Re: [HACKERS] pglogical - logical replication contrib module

Steve Singer Fri, 22 Jan 2016 19:18:40 -0800

The following review has been posted through the commitfest application:
make installcheck-world:  not tested
Implements feature:       not tested
Spec compliant:           not tested
Documentation:            not tested



This reply will covers a 10,000 foot level review of the feature (some of my 
other replies to the thread cover specifics that came up in testing and code 
level review will come later)

1) Do we want logical replication in core/contrib

10 year ago a popular feeling in the postgresql project was that replication 
didn't belong in core because there were too many different styles.  People 
then went on to complain that it were too many replication projects to choose 
from and that they were hard to use and had lots of corner cases.   The 
evolution of WAL based replication showed us how popular in-core replication 
is.  Users like being able to use in-core features and our community process 
tends to produce better quality in-core solutions than external projects.

I am of the opinion that if we can come up with a solution that meets some 
common use cases then it would be good to have those features in core/contrib.  
At this stage I am not going to get into a discussion of a contrib extension 
versus built in as not an extension.   I don't think a single replication 
solution
will ever meet all use-cases.   I feel that the extensible infrastructure we 
have so far built for logical replication means that people who want to develop 
solutions for use-cases not covered will be in a good position.  This doesn't 
mean we can't or shouldn't try to cover some use cases in core.


2) Does this patch provide a set of logical replication features that meet many 
popular use-cases

Below I will review some use-cases and try to assess how pglogical meets them.

 ** Streaming Postgresql Upgrade

pg_upgrade is great for many situations but sometimes you don't want an in 
place upgrade but you want a streaming upgrade.  Possibly because you don't 
want application downtime but instead you just want to point your applications 
at the upgraded database server in a controlled manner.   Othertimes you
might want an option of upgrading to a newer version of PG but maintain the 
option of having to rollback to the older version if things go badly.

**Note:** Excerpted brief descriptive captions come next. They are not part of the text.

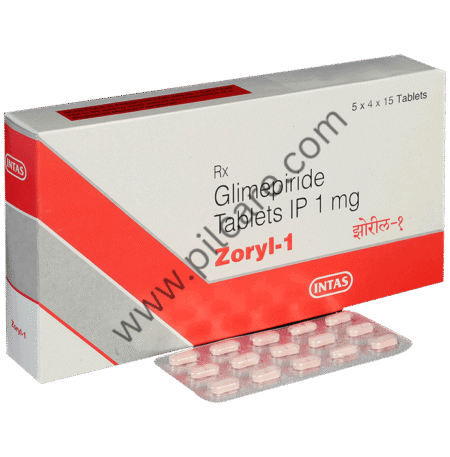 Zoryl 1 Tablet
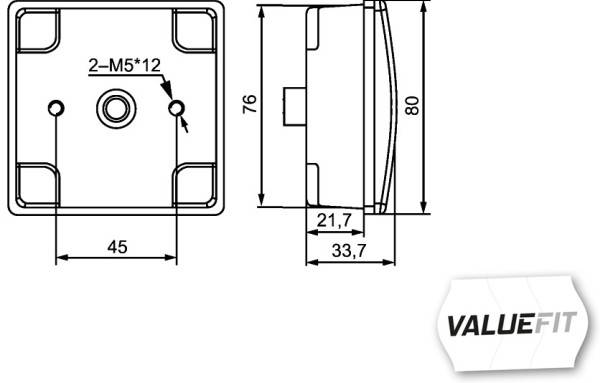 Blinkleuchte rechts 24 V LED HELLA universell einsetzbar für diverse Fzg.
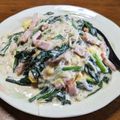 じゃりてん's cooksnap of when they made のり佃煮で☆ブラックソースオムライス.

I think pglogical should be able to handle this use case pretty well (assuming 
the source version of PG is actually new enough to include pglogical). 
Support for replicating sequences would need to be added before this is as 
smooth but once sequence support was added I think this would work well.
I also don't see any reason why you couldn't replicate from 9.7 -> 9.6 thought 
since the wire format is abstracted from the internal representation.  This is 
of course dependent not the application not doing anything that is inherently 
in-compatible between the two versions 


** Query only replicas (with temp tables or additional indexes)

Sometimes you want a replica for long running or heavy queries.  Requirements 
for temp tables, additional indexes or maybe the effect on vacuum means that 
our existing WAL based replicas are unsuitable. 

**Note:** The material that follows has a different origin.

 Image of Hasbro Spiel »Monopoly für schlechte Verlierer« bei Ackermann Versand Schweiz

I think pglogical should be able to handle this use case pretty well with the 
caveat being that your replica is an asynchronous replica and will always lag
the origin by some amount.

** Replicating a subset of tables into a different database

Sometimes you wan to replicate a handful of tables from one database to another 
database.  Maybe the first database is the system of record for the data and 
the second database needs an up to date copy for querying.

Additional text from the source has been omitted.